O Cetremi é mais direcionado aos migrantes, e centralizado no atendimento durante a noite. A assessoria afirma que esse número de 1200 ‘varia’ em “decorrência do clima por exemplo, períodos de baixas temperaturas, períodos de maior índice de desemprego, uso de drogas, mais pessoas em situação de rua”.
O frio que ninguém quer ver
Quando o assunto são as pessoas em situação de rua, parte do entendimento do poder público sobre o assunto é que elas devem ser forçadas a deixarem a rua, e o vício em substância, que contempla muitos dos ‘moradores de rua’.
Mas não é bem assim. Apesar das adversidades, a rotina estabelecida por essas pessoas oferece mais desafios do que parece e nem sempre o abrigo público é o caminho escolhido por elas. É o caso de Ezequiel Ribeirio, 37, que vive na rua há 20 anos. Parte desse tempo, no entanto, ele passou em cárcere privado, cumprindo pena por crimes que chamou de “desacato a autoridade e revolta”.
Para ele, o período no presídio marcou a vida para sempre. Hoje, Ezequiel sobrevive no centro da cidade, ganhando trocados enquanto cuida dos carros. “Foi pela vida na Agepen [Agência Estadual de Administração do Sistema Penitenciário] que minha vida não tem mais valor nenhum. Sou filho de criação. Cresceram os olhos para minha vida e foi onde que eu virei um lixo, mesmo pagando os meus 10 anos de cadeia e nada dá certo”, comenta ele.
Ezequiel relatou que já viu vários companheiros morrerem de frio, especialmente em 2013, lembra ele, período “de um frio bárbaro”. “Já morei no Cetremi. Vivi, gostei, um lugar da hora, mas aí eu agoniei, como se eu estivesse no sistema carcerário ainda”, conta ele, sobre o abrigo. O sofrimento maior, no entanto, é o filho, Henrique, de cerca de 12 anos, que ele não vê há 3.
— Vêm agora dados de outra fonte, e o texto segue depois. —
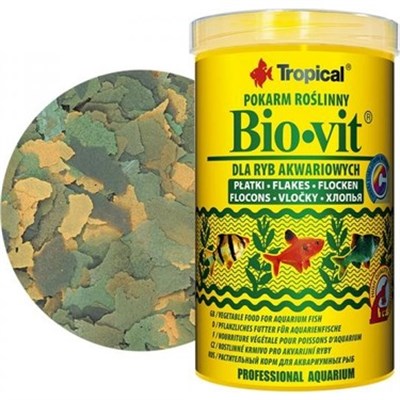 TROPİCAL BİO-VİT 100ML/20GR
A SAS, no entanto, declarou que não ‘força’ nenhuma pessoa em situação de rua à buscar abrigo ou tratamento. “O SEAS identifica indivíduos ou famílias, assim como crianças e adolescentes em situação de trabalho infantil, exploração sexual, uso abusivo de crack e outra drogas, que utilizam os espaços públicos como meio de moradia e/ou de sobrevivência.
O SEAS funciona no período de 24h, sendo que até as 23h a equipe encontra-se nas ruas da cidade realizando a abordagem social, com o intuito de acolher os indivíduos que aceitam o convite para pernoitar no Centro de Triagem e Encaminhamento do Migrante/Cetremi, entretanto, muitos não aceitam e/ou estão sob efeito de álcool e outras drogas”, explicou a assessoria de imprensa da pasta.
No mês de maio, a Secretaria atendeu 129 pessoas e explicou que muitos dos que são vistos em situação de rua estão ali para o acesso mais facilitado às drogas, mas que têm, na verdade, onde morar.
Outra questão que deve atingir essa camada da população é o projeto de Revitalização da Região Central de Campo Grande, o Reviva Centro. Isso porque, dividido entre projetos de comércio e moradia, o próximo semestre deve dar início às obras e promover alterações na região. Hoje, a área da orla ferroviária e da rodoviária antiga são locais onde parte da população em situação de rua se concentra.
Questionada sobre o assunto, a SAS informou, por meio da assessoria de imprensa, que ainda não foi chamada a participar do projeto.